For the purpose of min-wise hashing, the only goal of the permutation (or hash function) is to map the initial bag of numbers into another bag, so that we can then pick off the min as the 'hash value'. So for this purpose, you should think of the permutation as merely a function that takes [1..n] and maps it to [1..n] (sending every element to its image under the permutation).

Are you concerned about the relative sizes of the domain and range ?

Answer 2

The function could possibly be an index array of size n. For example, F[1,...,n] =[2,1,4,5...]. The total number of all these functions would be n!. The position of 1 implies the minimum hashed integer. For example, F[2] = 1 implies that 2 will be mapped into the minimum hash value (1). If we randomly choose F, it is easy to see that 1 appears in each position of the array equally likely. So the minwise independence condition holds. Hopefully this helps.

Answer 3

How is the minimum element of a permutation different from simply a randomly chosen element of the original bag (or set)?

Answer 4

A permutation is the equivalent of an unbiased "good" hash function because it has even distribution. Since a permutation maps (1,2,...,n) $\to$ permuted-list-of(1,2,..., n), if the original set $A$ is an unbiased random selection of the range $1$ to $n$, then the likelihood that the $B$="permutation-hash" of $A$ will contain the minimum-value of $1$ to $n$ is the size of the set $A$ divided by $n$.

If the hash function is equitable and well-distributed, then the range of input values will be "hashed" into and map into the output range in an evenly distributed fashion. If the domain is a group of 256 characters, and the hash is a function which outputs 8 characters, then you want the domain to be partitioned into as closely-equal-sized subsets based on the what the hash of the domain words are.

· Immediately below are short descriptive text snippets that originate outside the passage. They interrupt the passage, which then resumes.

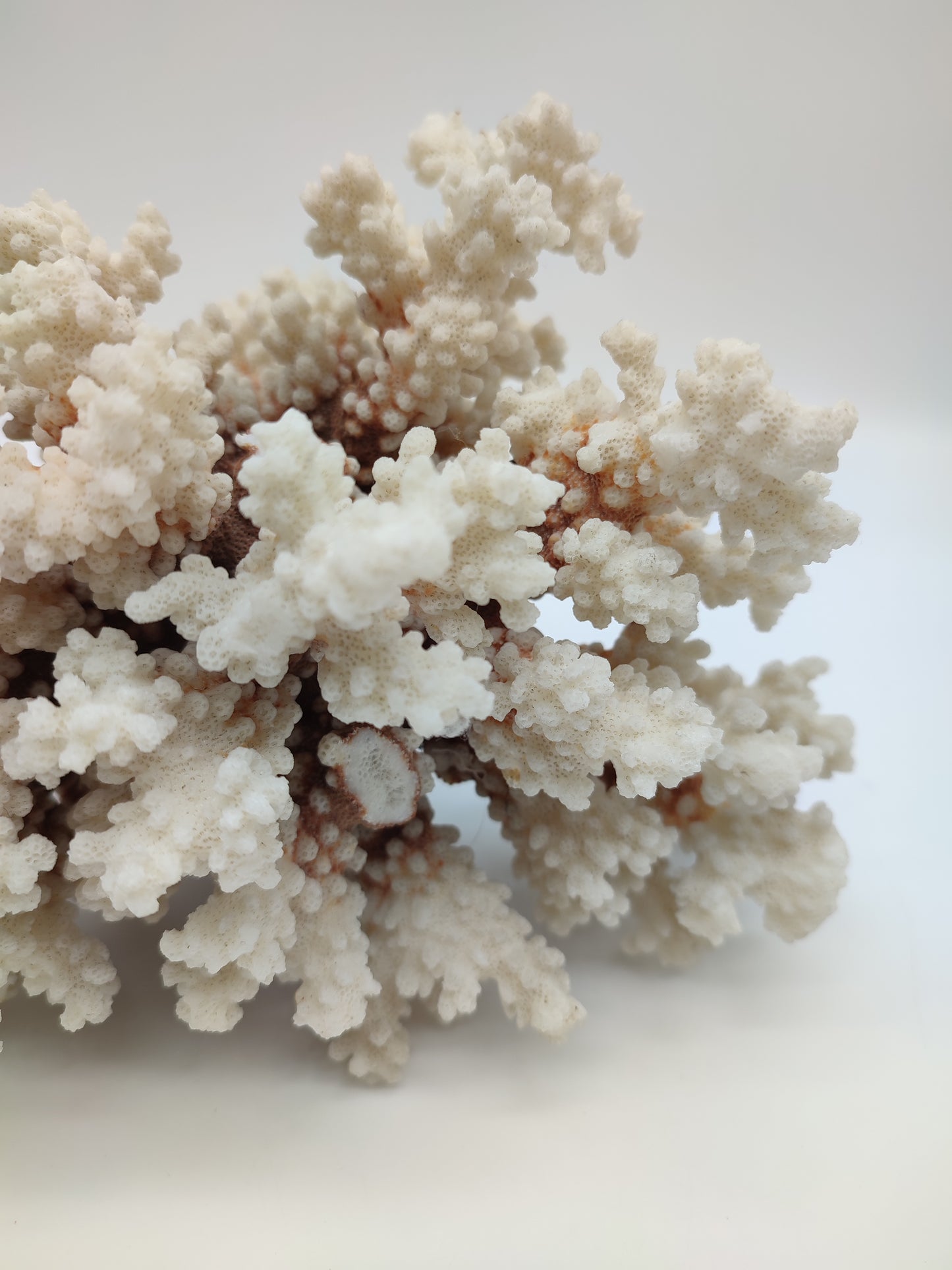 74095 Blocco di corallo bianco pocillopora verrucosa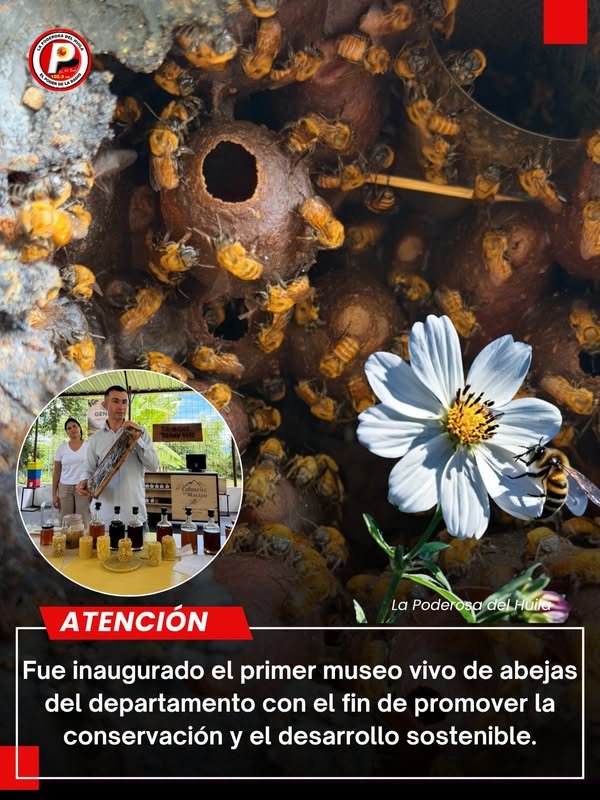 Reseña en La Poderosa Pitalito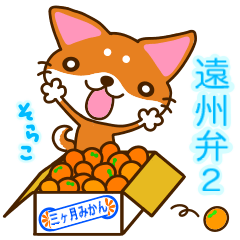 [LINEスタンプ] 柴犬そらこ【遠州弁】2 静岡県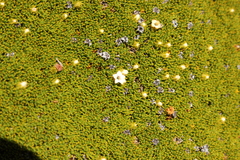 Dracophyllum muscoides (Dracophyllum muscoides)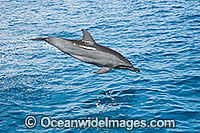 Bottlenose Dolphin (Tursiops truncatus) - leaping out of the water in the wild. Cocos (Keeling) Islands, Australia. Found in tropical and sub-tropical oceans throughout the world.
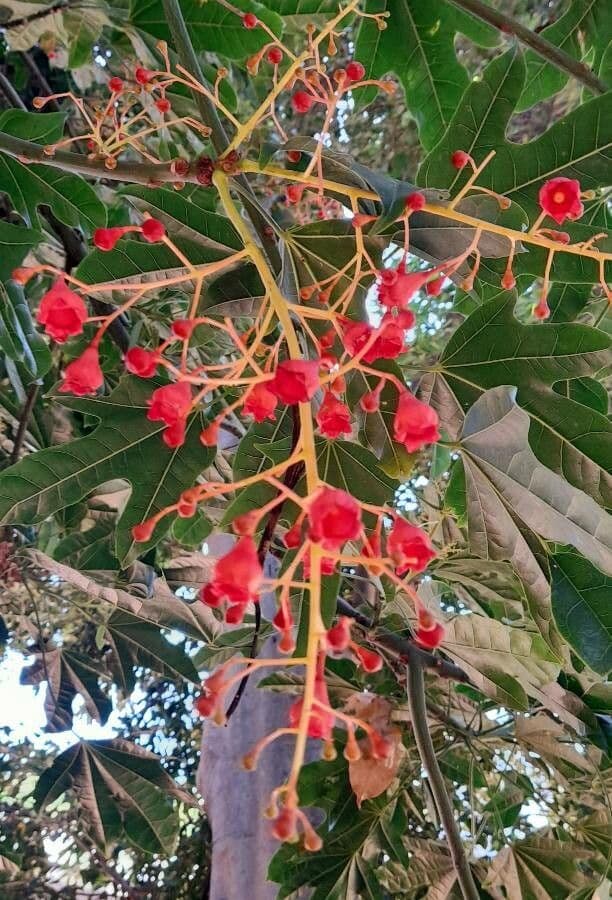 Brachychiton klonolistny 9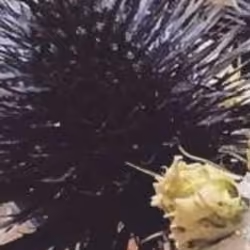 blue spike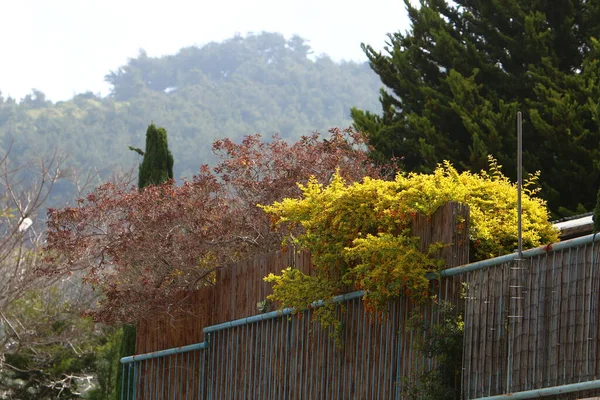 green shrubs and flowers grow along a fence in northern Israel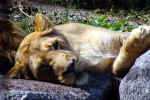 lion-3yu1.jpg (172179 Byte) photos zoo
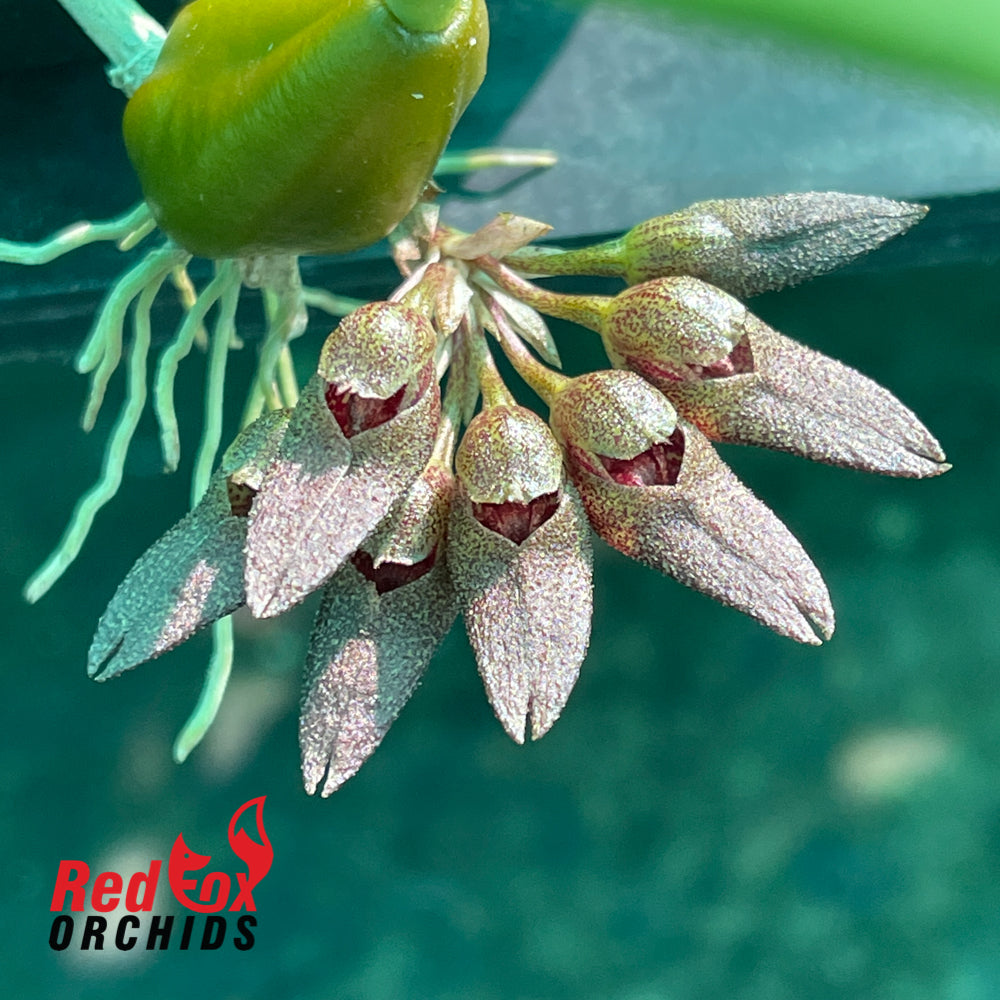 Bulbophyllum frostii x spathulatum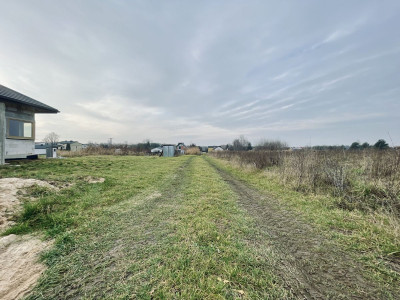 Prąd woda kanalizacja  Droga utwardzona  Prost - Orońsko  -
Mazowieckie Zdjęcie nr 12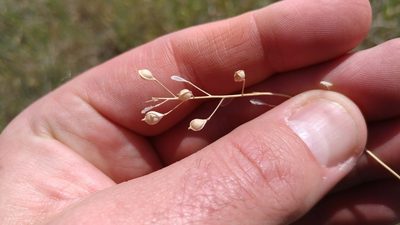 Camelina microcarpa, photographed by Brian Dickerson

A hash normally reduces the size of the object being hashed, thus because of the pigeonhole priniciple, at least one element of the range of the hash must map to more than one item in the domain. An equitable hash attempts to minimize the variance in the size of the bins which the domain is partitioned into. An inequitable hash leads to some of the bins being very different in size from the other bins. Thus a hash is usually a one-way mapping: given the hash of a message, it is not possible to determine what the original message consisted of, even though it may be possible to deduce what partition the message is part of (the partition whose hash digest is ...)

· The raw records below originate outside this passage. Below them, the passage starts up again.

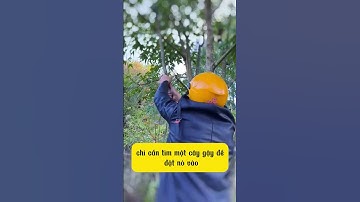 Liềm thép mangan cắt tỉa cành cây trên cao, làm sạch cỏ dại và chăm sóc cây cối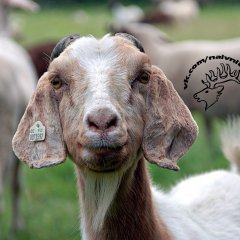  Наивная овца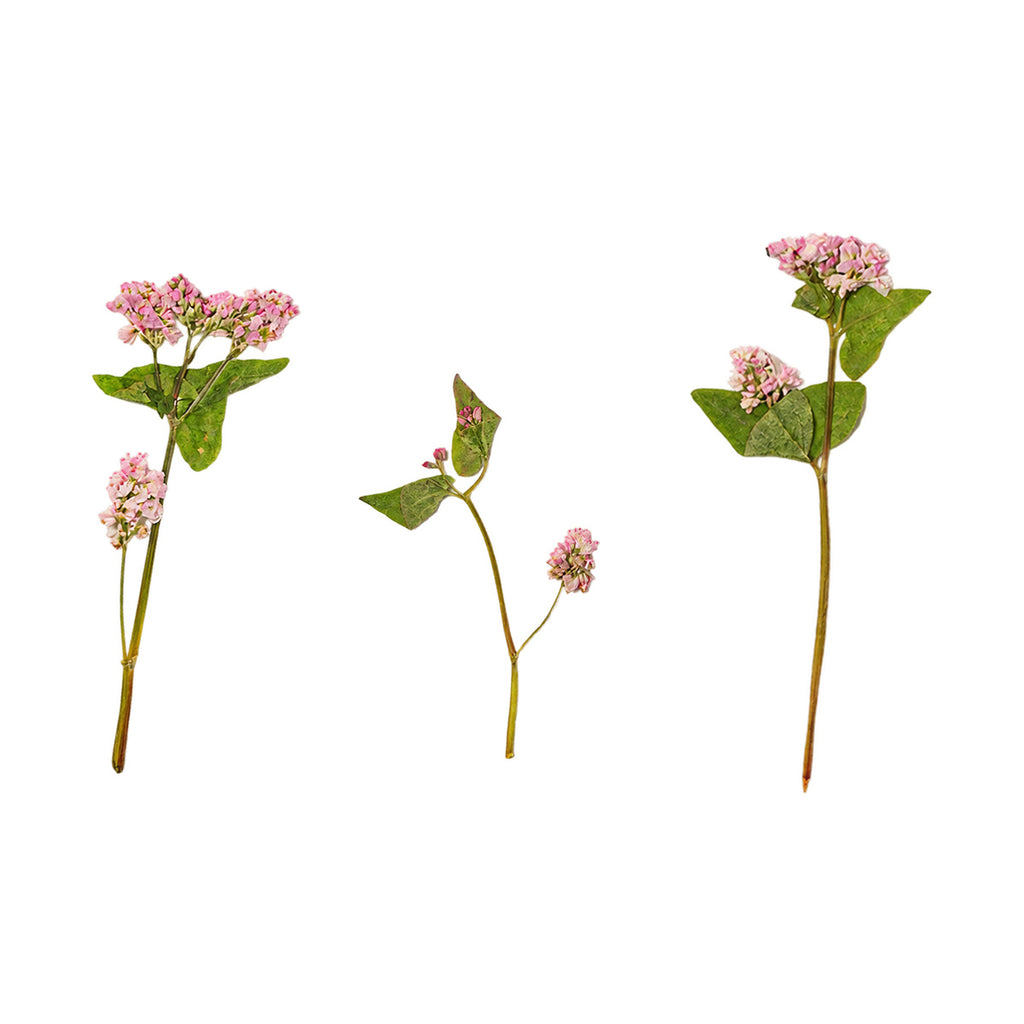 Pressed Buckwheat flowers with stems photographed as distinct specimens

For example, the hash function EVEN-ODD, equivalently called REMAINDER-MODULO-2, is easily calculated by looking at the last (lowermost) bit of the message. If the range is a subset of $\mathbb{Z}$, e.g. the numbers $1...n$, then EVEN-ODD is an equitable hash, as the size of the partitions will differ by at most $1$.

A permutation is equivalent to performing a hash which does not reduce the size of the domain as it maps into the range, it performs a bijection. As such, the size of each partition is $1$, the variance of the sizes of the partitions is $0$, and these partitions are as equitably sized as possible.